*COLLECTED MATERIAL*.
============================================================

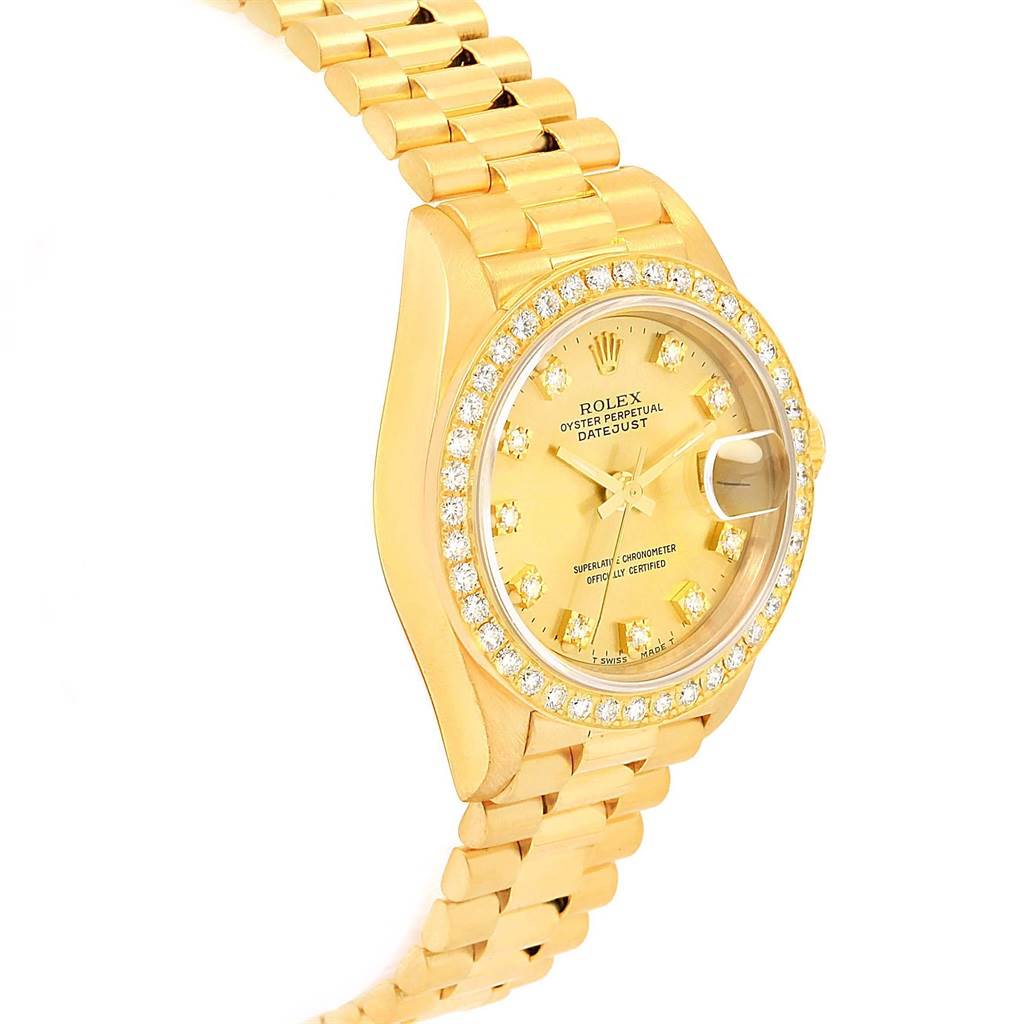 The image shows a Rolex President 69178 Women's Yellow Gold Champagne Dial 69178 Women's Yellow Gold Champagne Dial model watch at a slight angle, highlighting its gold band, diamond bezel, and detailed dial.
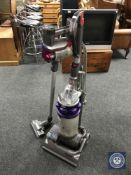 A Dyson DC 14 upright vacuum and a Dyson DC 35 hand hand vacuum plus a box of accessories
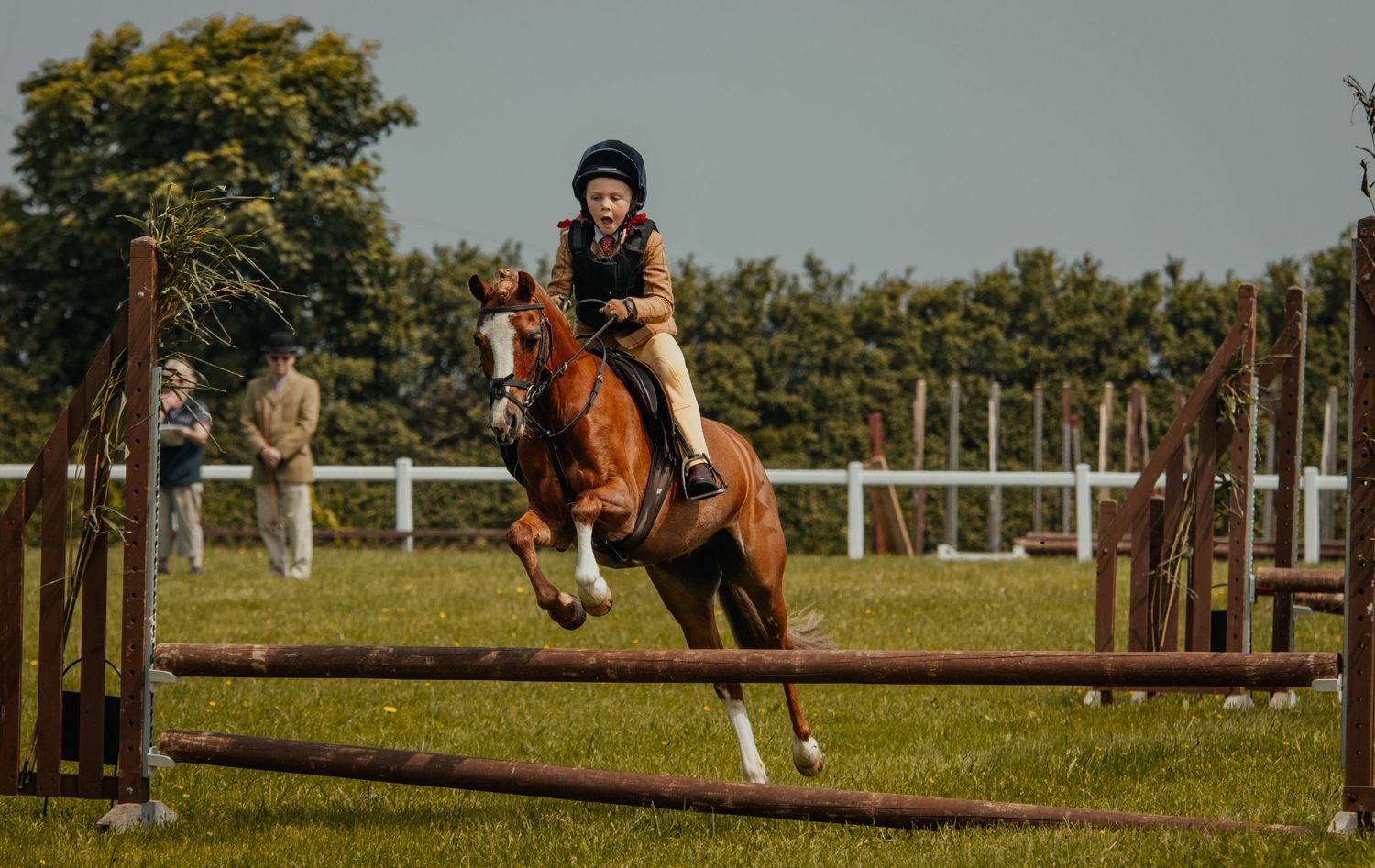 Equestrian and horse clearing a show jumping obstacle in front of white fencing during competition.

============================================================

*WORK ITEM*. Skip the pictures, then return the rest of the data exactly.

*ANSWER BOX*.
 The image shows a Rolex President 69178 Women's Yellow Gold Champagne Dial 69178 Women's Yellow Gold Champagne Dial model watch at a slight angle, highlighting its gold band, diamond bezel, and detailed dial.
 A Dyson DC 14 upright vacuum and a Dyson DC 35 hand hand vacuum plus a box of accessories
 Equestrian and horse clearing a show jumping obstacle in front of white fencing during competition.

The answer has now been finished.